BY BENJAMIN BENSON, Office of Corporate Communications, Naval Supply Systems Command
Navy readiness depends on robust and reliable supply chains. To be ready to fight tonight, the availability of vital spare and repair parts is critical–especially “top degrader” parts for aviation and maritime readiness. Aircraft can’t fly and ships can’t steam when these parts are not available. NAVSUP recognizes a key component of a responsive and reliable supply chain is strong relationships with suppliers. To that end, NAVSUP is developing more collaborative ways to work with its supplier base. No longer viewing suppliers as simply vendors, but as true partners, NAVSUP is replacing current reactive approaches with strategic engagements to identify and mitigate long-standing supply chain challenges with a renewed sense of urgency in which both sides have a vested interest in optimal outcomes. With Secretary of the Navy Richard V. Spencer’s call to restore readiness and increase the fleet’s capacity and capability to meet the nation’s security needs, NAVSUP responded by reforming its business practices to help improve Navy readiness. One element of NAVSUP’s reform effort is establishing a Strategic Supplier Relationship Management (SSRM) program led by NAVSUP Executive for Strategic Initiatives Karen Fenstermacher.
“NAVSUP recognizes that suppliers play a vital role in supply chain performance,” said Fenstermacher. “We want to be a better partner, but also want suppliers to know that we are going to be a more demanding customer.” With her SSRM team, they are assessing supplier contributions, building scorecards around business goals, evaluating performance, and sharing information with a more open and consistent cadence of communication. “While it is the suppliers’ business to support the Navy, they may not have the necessary real time visibility of impacts of delays on readiness,” Fenstermacher noted. “Through more proactive and collaborative sharing of information, bottlenecks and vulnerabilities can be avoided.”

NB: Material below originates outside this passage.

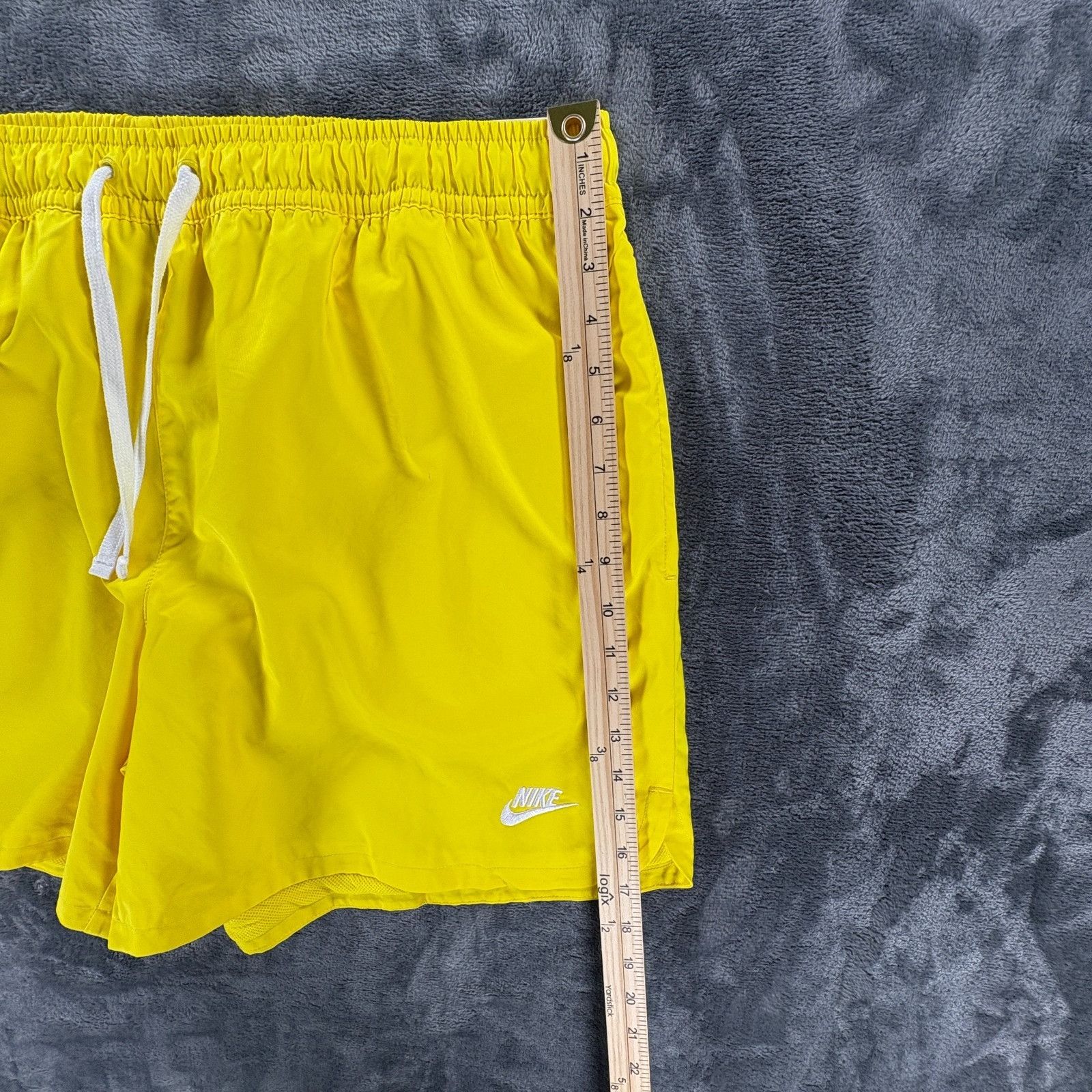 Nike Nike Men XXL Club Woven Lined Shorts Opti Yellow DM6829‑731 Size US 38 / EU 54 - 9 Thumbnail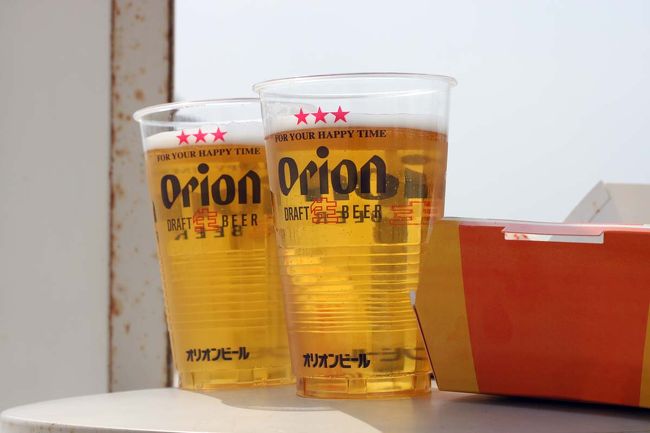 最終日の3/3(月)<br /><br />ギャラリアでレンタカーを返却し、ユイレールでのんびり空港まで戻りました<br />ずっと車だったため生のオリオンビールを飲む機会が無かったので<br />最後に空港でハンバーガーとゴクリ<br />100円を払って展望デッキで飛行機を眺めながらの一杯は<br />沖縄旅行の〆に丁度よかったです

“While all suppliers are critical to the business and are approached with the same core values, in terms of depth-ofactivities, we’ve drawn a line between our strategic partners and other suppliers,” said SSRM team member and NAVSUP Weapon Systems Support Special Projects Director Brian Keeley. To do that, the team segmented the supplier portfolio using both quantitative and qualitative indicators to determine the top strategic partners that NAVSUP relies on; these include Northrop Grumman, Boeing, Raytheon, Collins Aerospace, Lockheed (and Sikorsky), General Electric, BAE Systems, Honeywell, and L3 Technologies. In practice, the SSRM team engages with strategic partners using various tools. Hard tools include key performance indicators (used for all suppliers), while other soft and more exclusive tools include reoccurring senior-level meetings, executive top-to-top reviews, forums to share latest supply chain challenges, and co-development of strategic initiatives to partner with a near-term, focus-to-finish goal.
“NAVSUP’s critical role in our nation’s defense requires nothing less than being a firm, challenging, but fair customer,” said Fenstermacher. “We believe a longterm non-opportunistic approach creates mutual trust and ultimately a win/win for both government and industry. Our strategic supplier partnerships will occupy an elite position at the top of the NAVSUP’s supplier base hierarchy.” NAVSUP will continue to mature and evolve its supplier relationship management efforts over time, with a conscientious effort on both sides of the relationship. NAVSUP’s challenge will be to create a multi-faceted commitment with its strategic suppliers to nurture and sustain a requisite foundation of trust, commitment, and leadership that support a mutually productive and valuable business partnership.